=== Section Start ===

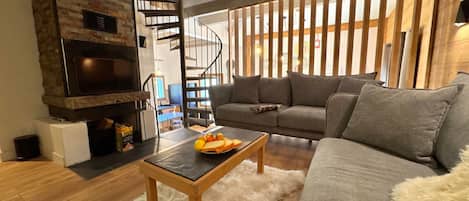 A cozy living room with a fireplace, a sofa, a coffee table with fruit, and a staircase.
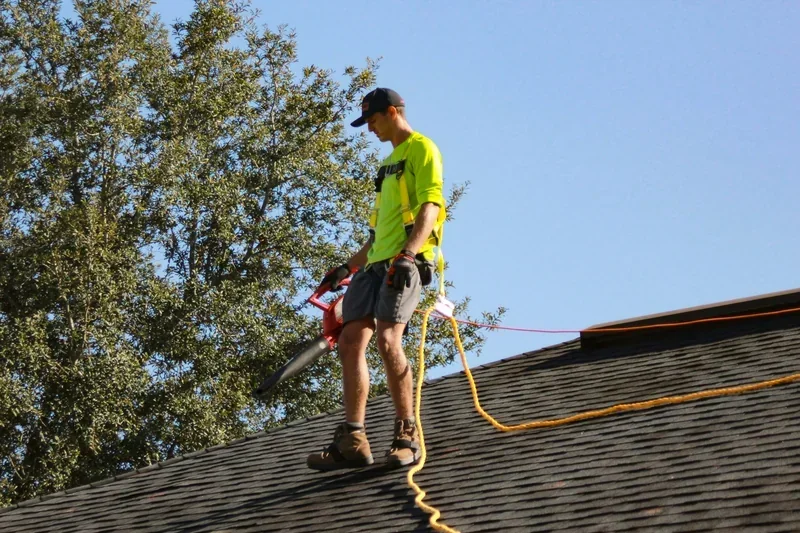 Roofer in a safety harness standing on an asphalt shingle roof during a repair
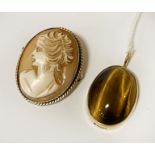 CAMEO BROOCH AND TIGERS EYE PENDANT WITH 9CTY GOLD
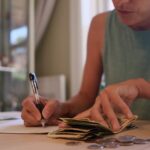 Woman managing a tight budget by counting cash and recording expenses at a kitchen table.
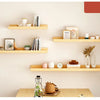 A display of natural wood floating shelves mounted on a light beige wall, featuring various decorative items and books.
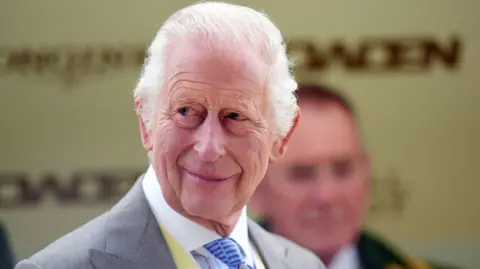 PA Media King Charles III smiling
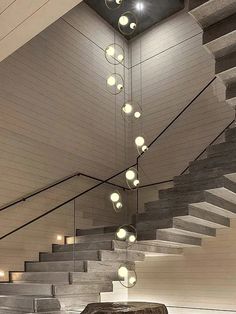 a room with some stairs and lights hanging from the ceiling over it's head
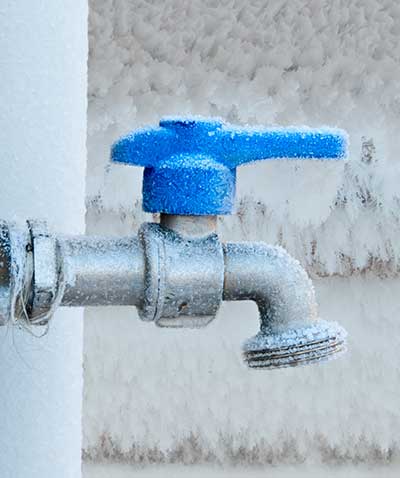 A frost covered outdoor water tap.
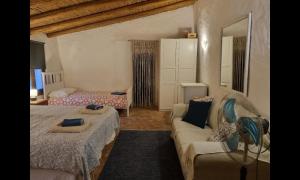 a bedroom with two beds and a couch and a mirror at Lemontree house set in the countryside. in Água de Tábuas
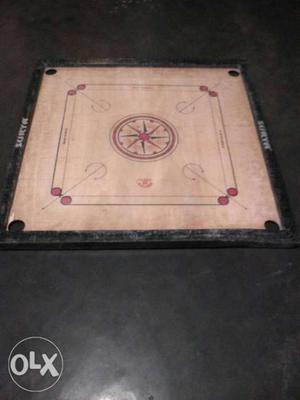 White And Black Wooden Carrom Board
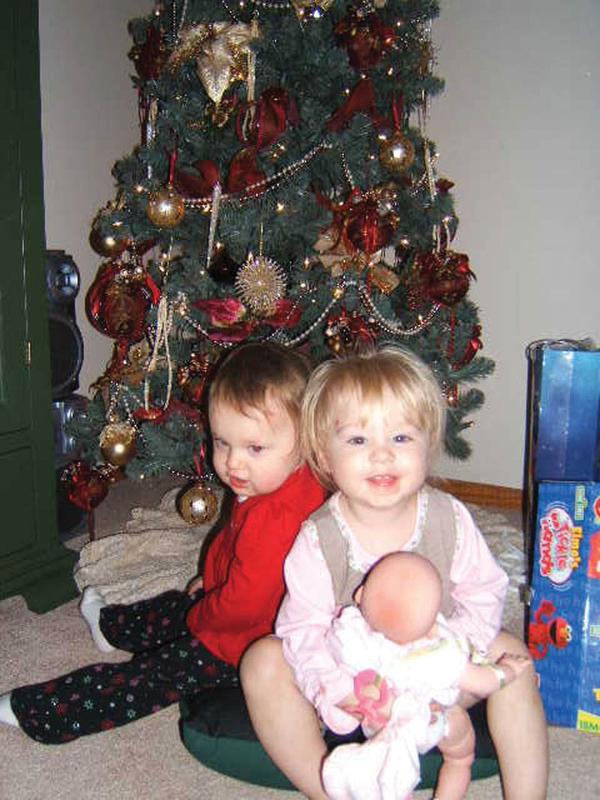 CHRISTMAS PRESENCE: Al and Diane Barnett of Austintown found their granddaughters under their tree. In front, Olyvia Rose Barnett, 18 months, is the daughter of Kevin and Miranda Barnett. Behind her is Savannah Marie Cervone, daughter of Michael and Lisa Cervone.
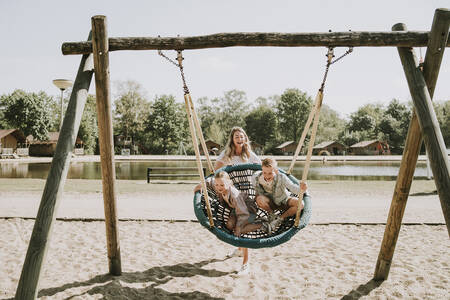 Children on a large swing in a playground at the Dierenbos holiday park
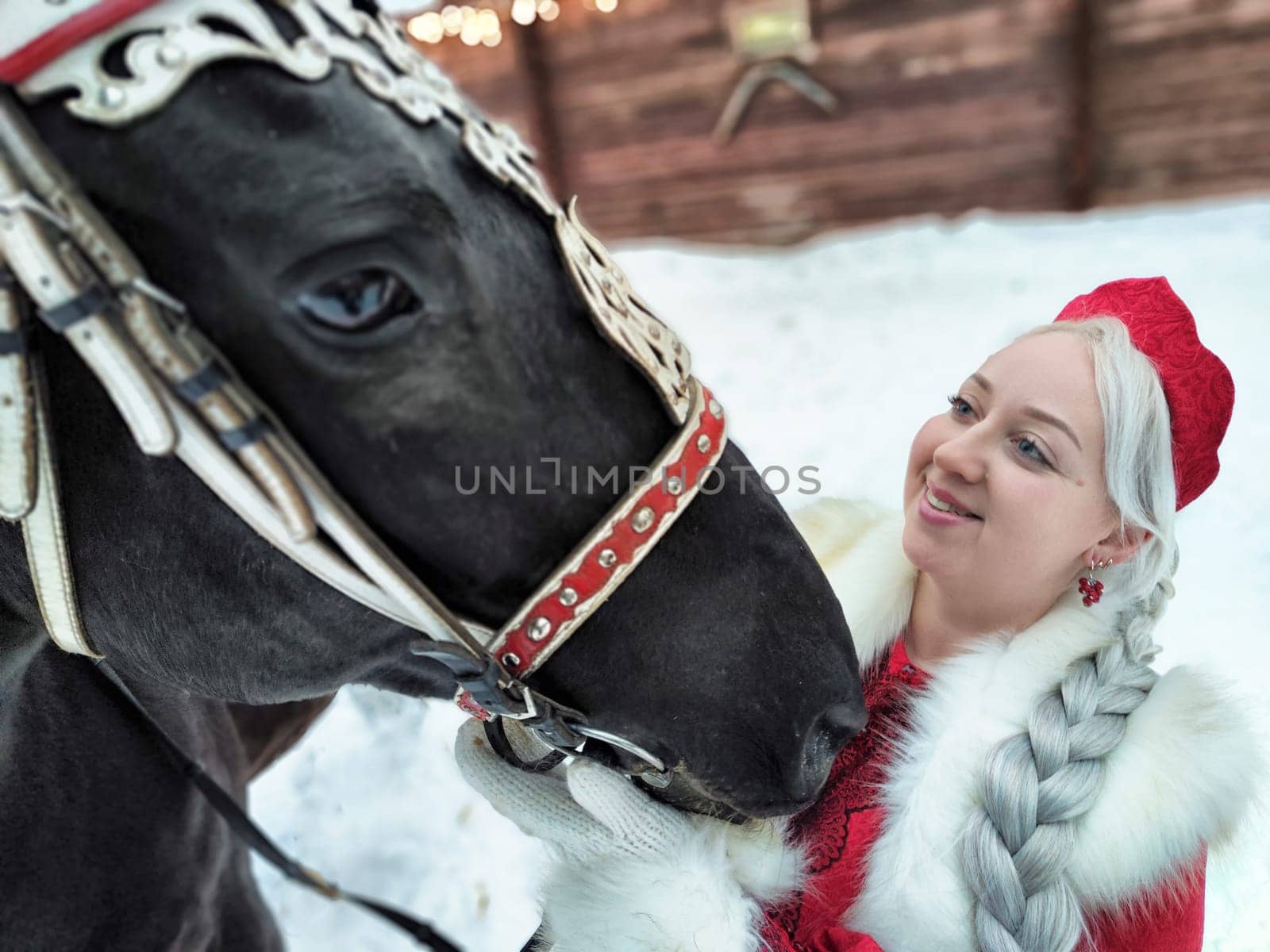 A joyful girl in traditional Russian attire shares a moment with a horse during the Maslenitsa holiday in winter.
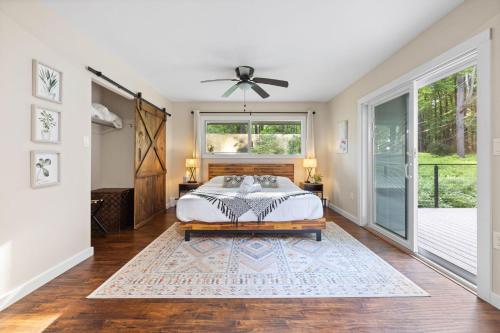 a bedroom with a bed and a window at Modern Lodge on 6 acres - 15 mins to Camelback in Cresco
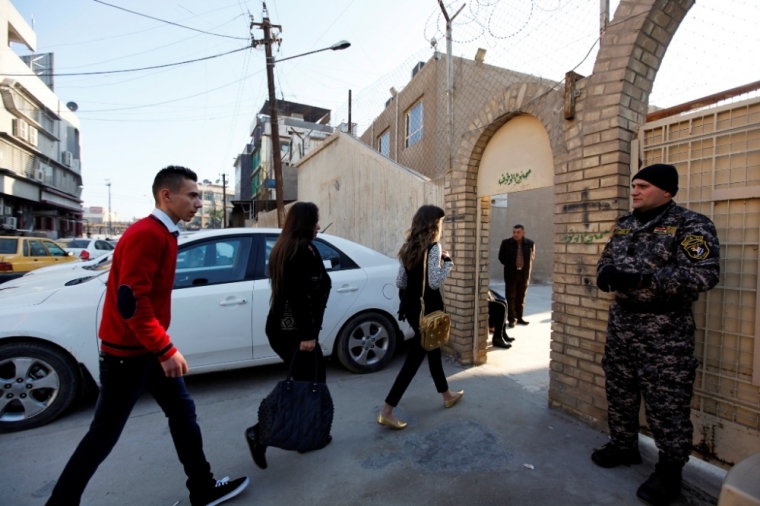 A member of the Iraqi security forces stands guards as Iraqi Christians attend a mass at Sacred Heart Catholic Church in Baghdad, December 25, 2014. Baghdad's embattled Christian community worshipped defiantly Wednesday night at Christmas Eve mass. The pews filled at Baghdad's Sacred Heart church, as people remembered the darkest year in memory.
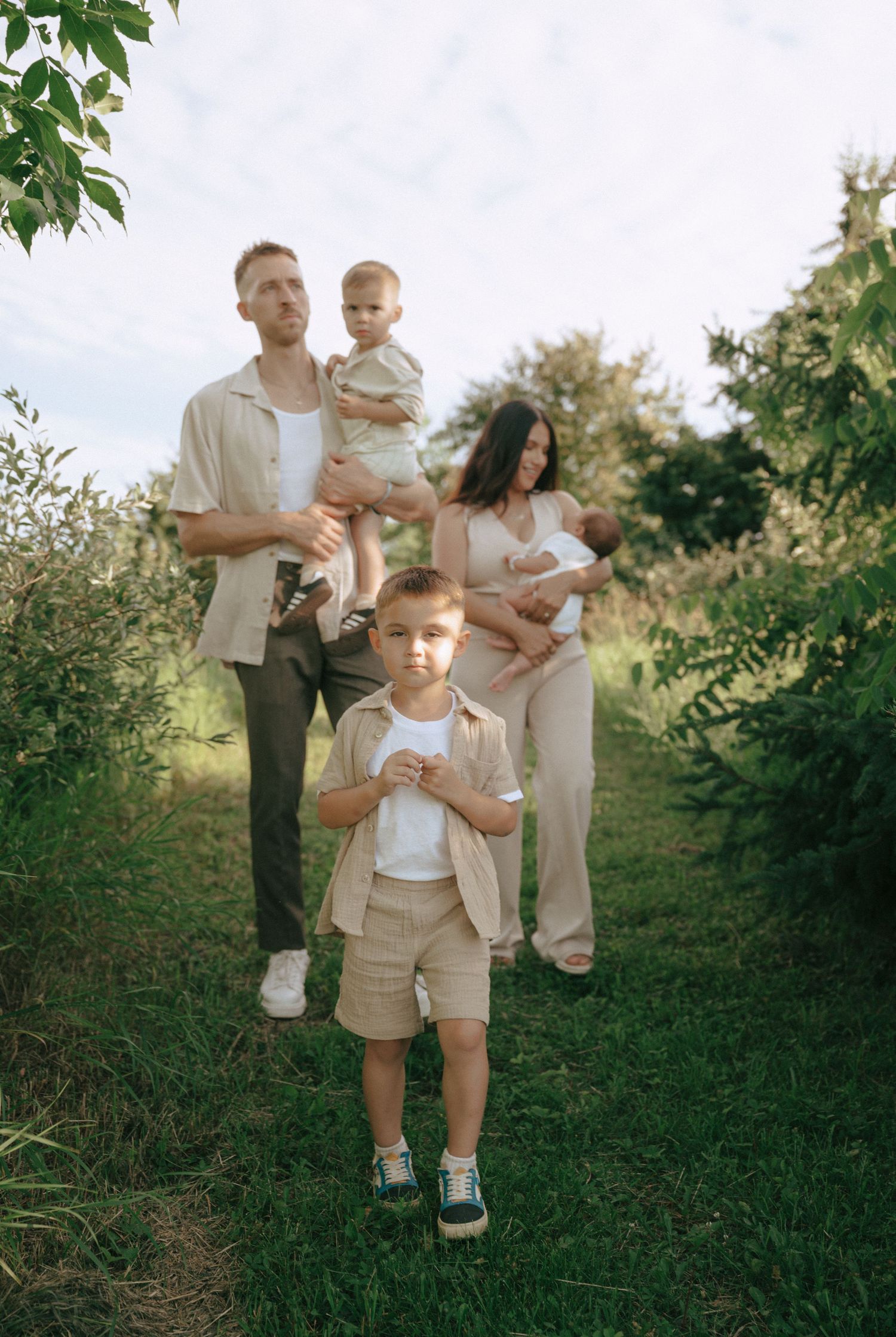 Family in coordinating neutral outfits explores a green outdoor setting.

=== Section End ===

WHAT TO PRODUCE: The copy must begin at the line containing "A frost covered outdoor water tap." and end at the last line of the data above, with every line retyped exactly and no pictures included.

SOLUTION FOR THIS PROBLEM:
 A frost covered outdoor water tap.
 a bedroom with two beds and a couch and a mirror at Lemontree house set in the countryside. in Água de Tábuas
 White And Black Wooden Carrom Board
 CHRISTMAS PRESENCE: Al and Diane Barnett of Austintown found their granddaughters under their tree. In front, Olyvia Rose Barnett, 18 months, is the daughter of Kevin and Miranda Barnett. Behind her is Savannah Marie Cervone, daughter of Michael and Lisa Cervone.
 Children on a large swing in a playground at the Dierenbos holiday park
 A joyful girl in traditional Russian attire shares a moment with a horse during the Maslenitsa holiday in winter.
 a bedroom with a bed and a window at Modern Lodge on 6 acres - 15 mins to Camelback in Cresco
 A member of the Iraqi security forces stands guards as Iraqi Christians attend a mass at Sacred Heart Catholic Church in Baghdad, December 25, 2014. Baghdad's embattled Christian community worshipped defiantly Wednesday night at Christmas Eve mass. The pews filled at Baghdad's Sacred Heart church, as people remembered the darkest year in memory.
 Family in coordinating neutral outfits explores a green outdoor setting.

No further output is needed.